My family lived in, what was then, a small community outside of Montreal, Quebec, located alongside the Ottawa River. It was a wonderful place to live for a young boy, and that particular summer was especially enjoyable. Having just completed grade one, my first year of school (no kindergarten for me), I settled down to a summer of leisure. For the most part my parents left me alone, only requiring a few chores to justify earning an allowance. There was one exception however! Every day I was going to read a page from the book 'Clutch Hitter.' My reading skills were atrocious, to the point that my grade one marks were barely above a pass level (in an era when a student could fail a grade). Being illiterate had soured my experience at school that first year. This is a bit of an understatement. I hated school! So in teaching me to read my folks hoped to help me improve my marks, and my attitude towards education.


If I was up early in the morning dad would have me read a page of the book before he went to work. If I was asleep when he left the exercise would happen when he came home from work.


On most occasions it seemed like a futile enterprise. At least to me!
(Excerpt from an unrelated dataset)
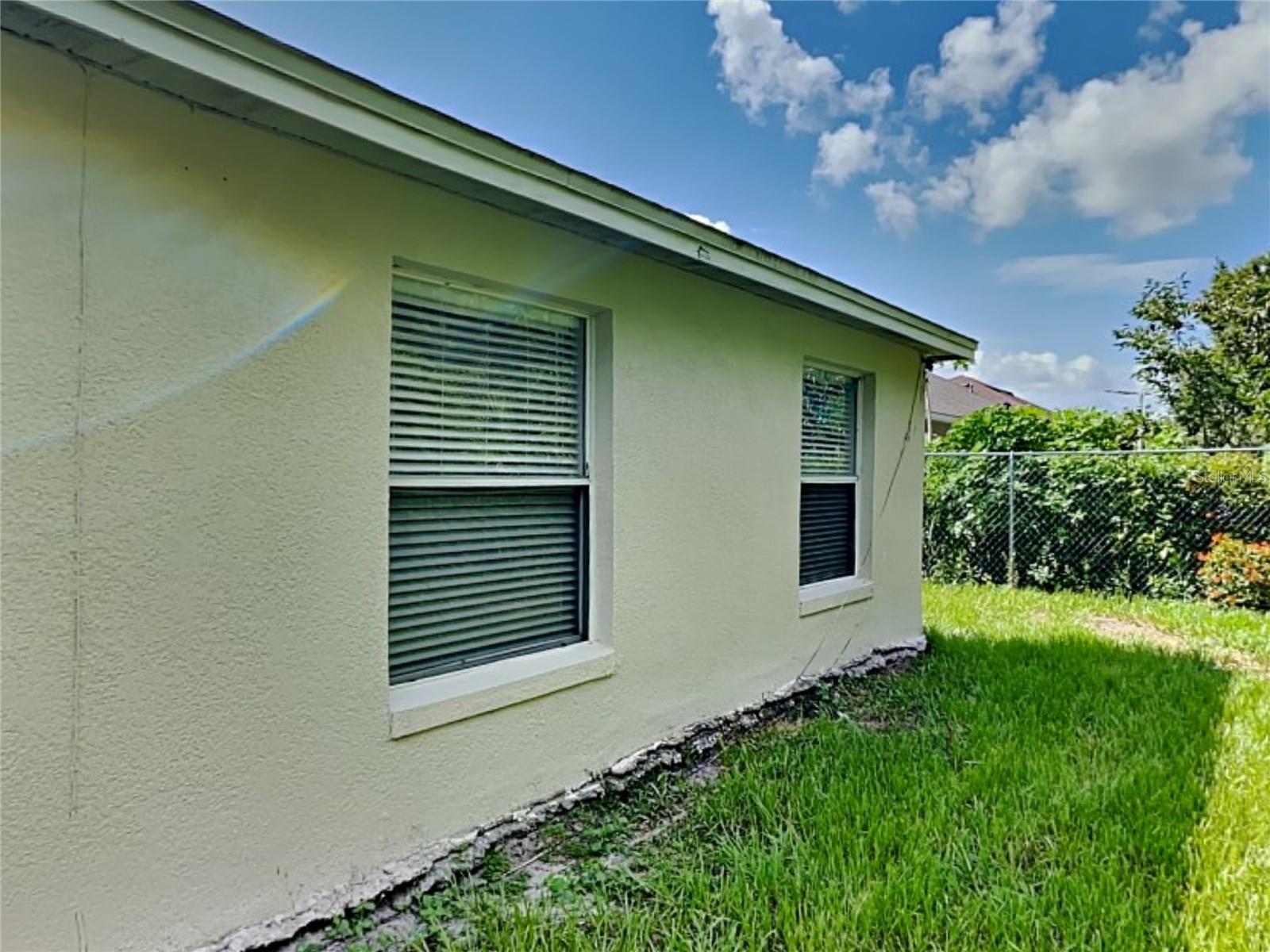 1212 WAHNETA CT, KISSIMMEE, FL, 34759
Often my reading was so laboured that we would stop after one paragraph had been read. 'Clutch Hitter' had been chosen for the task because it's theme was baseball, a good choice for a sports crazy young boy. In this case it made no difference! Trying to decode the words in the baseball tale was a part of the day I dreaded. Only my father's insistence kept me labouring away.


Eventually a corner was turned. Gradually, through constant repetition, sounds, and words, started to come to me with decreasing effort. After the first month, sentences' started flowing. From dreading the idea of even looking at the book I soon found it impossible to put it down. 'Clutch Hitter' was no sooner finished than other books caught my eye. Following by even more written tales. Generally there were two topics which appealed to me. Sports, and History. Anything covering those two subjects were certain to please.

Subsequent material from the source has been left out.